I do consistently find myself in awe of technology. Through technology, we have turned the oven into the microwave, the telephone into the fax & cell phone, & the radio into an I-Pod.

But there just isn’t a good substitute for plain old communication. People like to feel needed. They like to know their opinions are valued. It makes them feel like their contributions are worthy. And there is no better place for communicating a person’s worthiness than the work place. As a CEO or business owner, one of your key roles is to facilitate business communication.

In one company I was with I took the employees to lunch in small groups. I sat in front of a spreadsheet & checkbook, compiled market and industry data, or reviewed operational performance metrics (I was the CFO and head of strategy) most of the day so it was important for me to make real contact with our staff. I wanted to pick their brains, hear their opinions, and get their thoughts first hand. I didn’t want them to know me only by the signature on their pay-checks. And since I was also in charge of strategy, my belief is you sometimes get the best input from going straight to the source. (Something I learned early on in my initial career as engineer.)

They made excellent suggestions. Some I wouldn’t have thought interested them… like MORE meetings! What?! Who would have thought employees would want more meetings?! But they did & their reasoning was not unfounded: they thought meeting as a team a couple of times a month would facilitate communication. This was that company’s year to streamline communication so I was on board with communication facilitation and was thrilled the staff was too!

So, yes, we could all log into a video conference call & chat remotely from our homes, but it wouldn’t come close to the face to face interaction. Human contact & interaction builds relationships & strengthens the team.

I’m a numbers person. Remember, I started my career down in the details. But I’ve also been responsible for strategy for quite some time. If I create great strategy & don’t get the team’s buy-in, I’m proving I’m smart but highly ineffective. I need to consider other’s ideas and incorporate them into that strategy. Sometimes as a member of the executive management team, it’s hard for people to come to see me so I go to them. As a business owner, the same applies to you.
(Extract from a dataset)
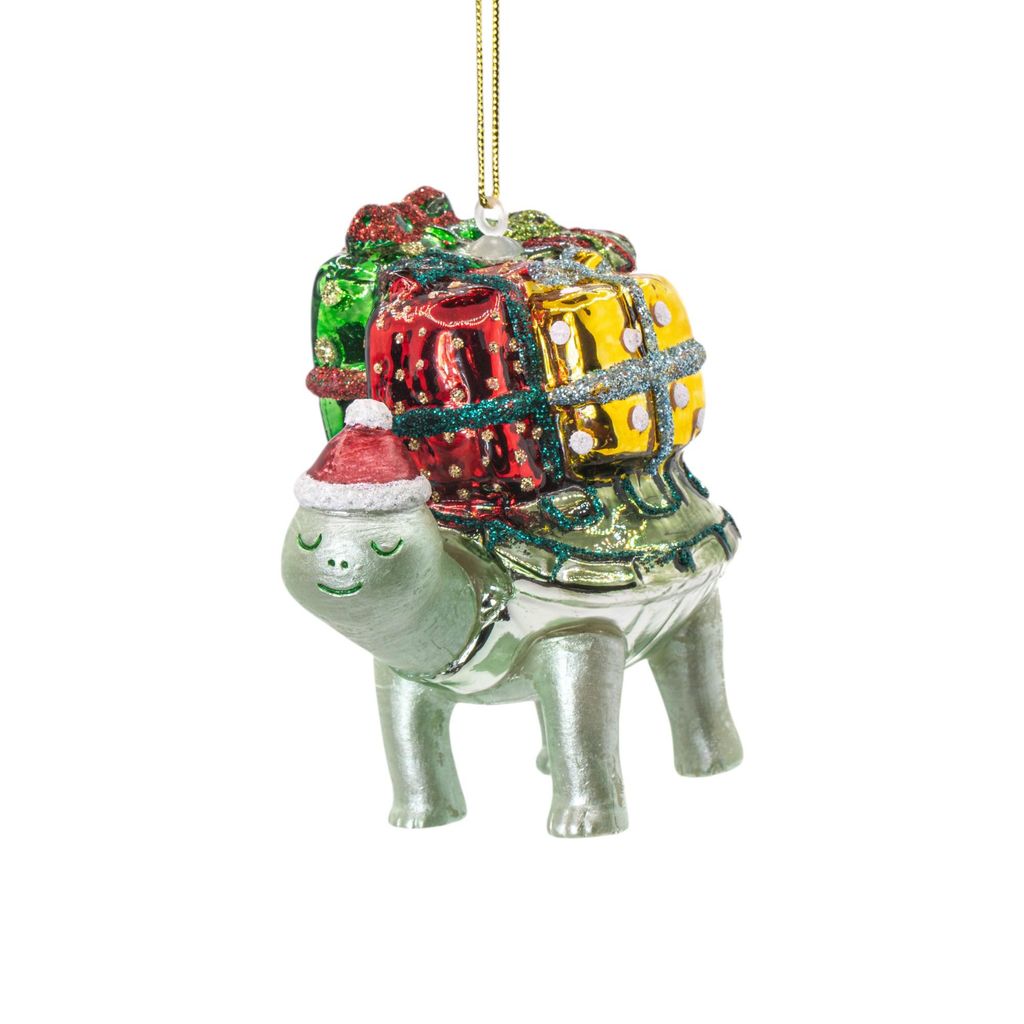 A Christmas ornament shaped like a turtle carrying gifts on its back.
It’s important that I keep my pulse on what’s happening with the staff members, get crucial feedback & input from them, & use it to make the technology induced workplace a successful people place too.
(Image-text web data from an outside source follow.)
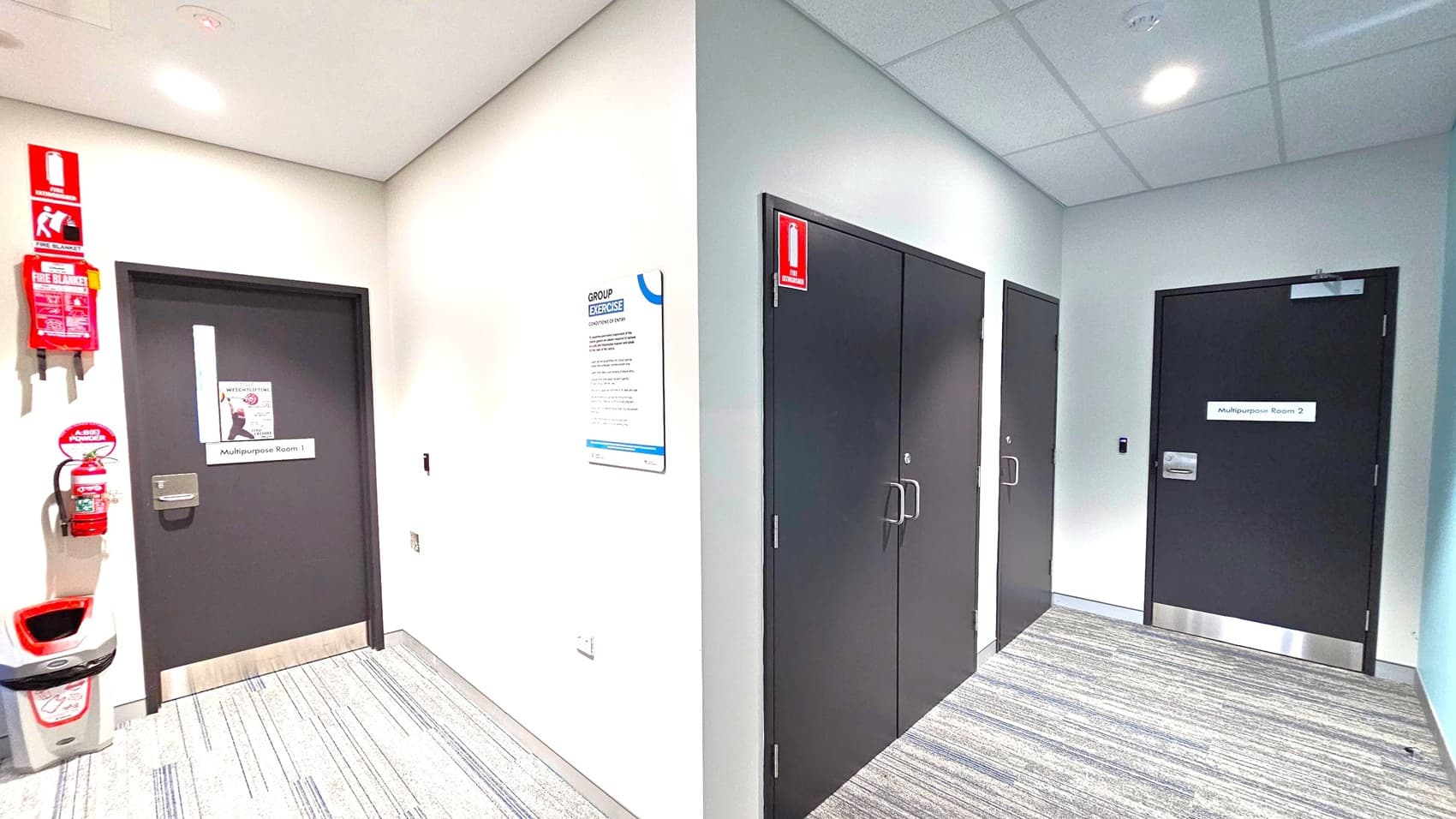 A hallway with grey carpet and white walls. On the left, a door labelled "Multipurpose Room 1" is next to a fire extinguisher and a fire blanket mounted on the wall. A bin is positioned below them. In the centre, a sign titled "Group Exercise" is affixed to the wall. On the right, there are two black doors, one labelled "Multipurpose Room 2". The ceiling is fitted with recessed lighting and a smoke detector.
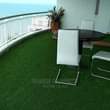 A picture of Artficial turf grass for offices.balconies.compoundz .etc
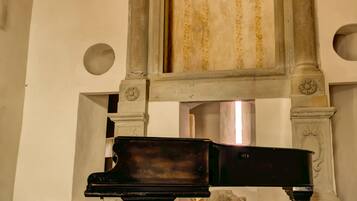 Un gran piano en una habitación amplia con una chimenea grande y ornamentada, un taburete pequeño y una escultura de piedra.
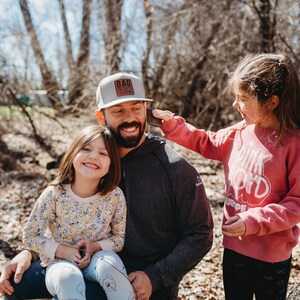 Peut inclure: Un homme portant une casquette de baseball grise avec le texte "DAD LIFE" en lettres brunes est assis avec deux jeunes filles. La fille sur les genoux de l'homme porte une chemise &agrave; fleurs jaunes et la fille debout porte un sweat-shirt rose avec le texte "PINK FLOYD" en lettres blanches.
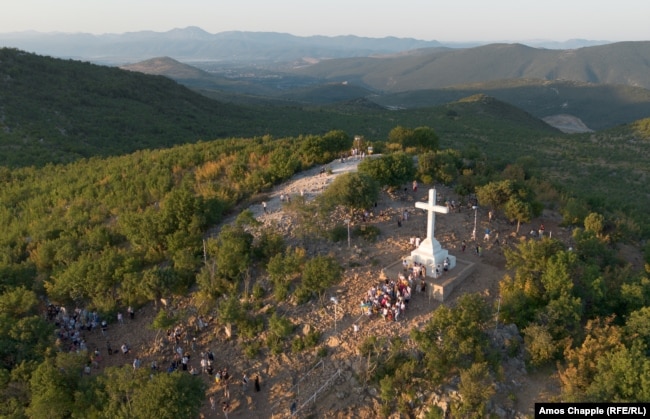 A group of Catholic Ukrainians pose for a photo atop Cross Mountain on August 4.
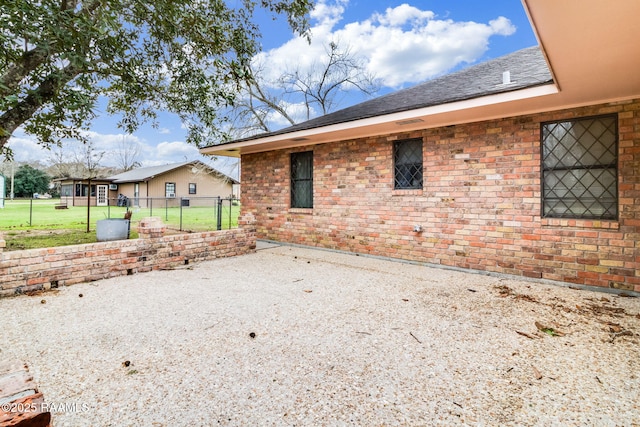 rear view of house with a patio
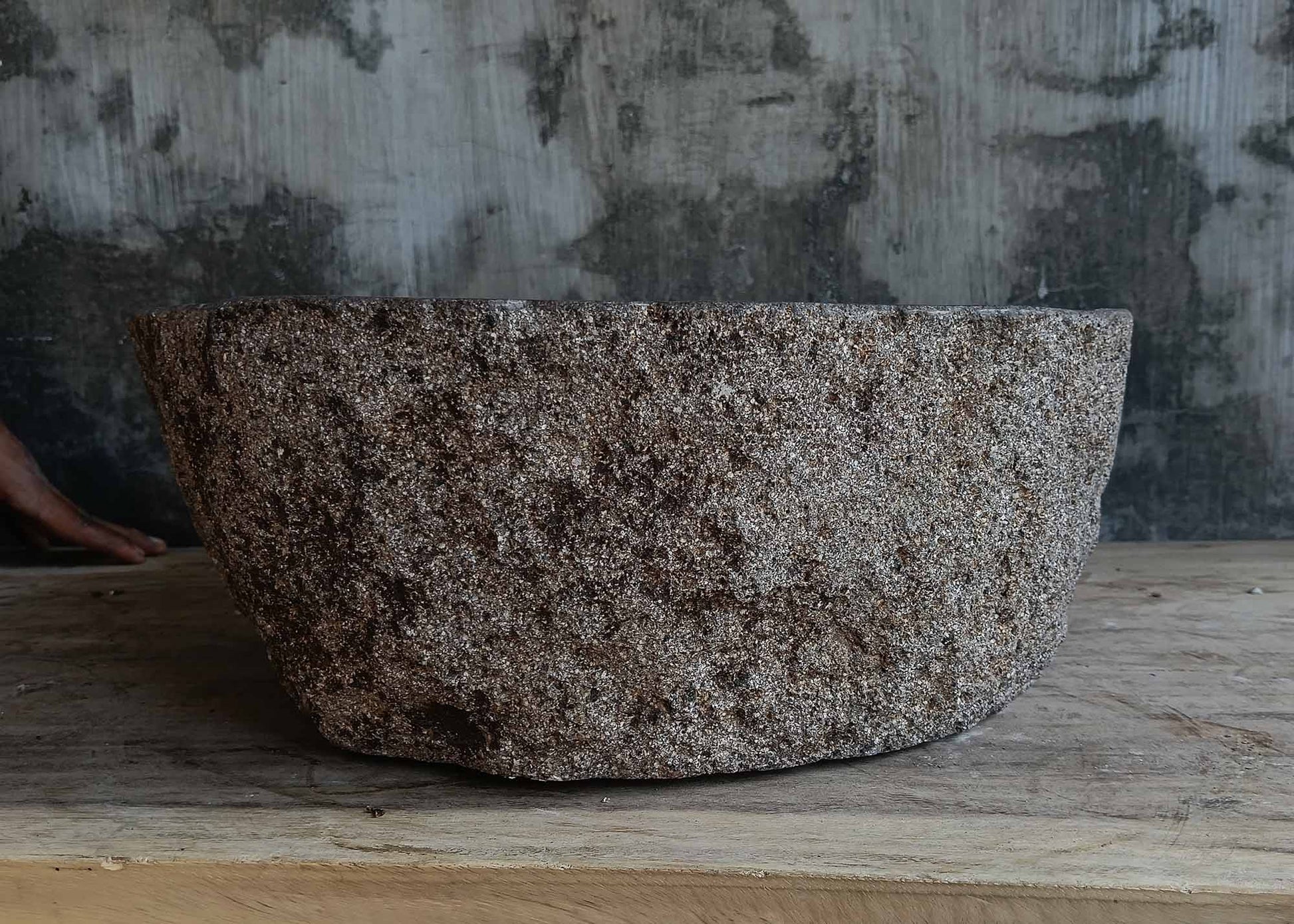 Back view of handcrafted dark gray river stone sink 6677-4335 with textured stone surface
So remember, if you want to increase employee morale, make sure you put in processes and actions that  help you facilitate business communication. This could be a weekly scheduled coffee or lunch with an employee or group of employees, an anonymous employee survey  that you send out quarterly, an open-door policy where you make employees feel welcome when they come in…  And although I’m not discussing it here, your role in facilitating business communication also applies to suppliers, customers, lenders, investors, and other stakeholders. But if you start with your employees, they often can help you with the rest.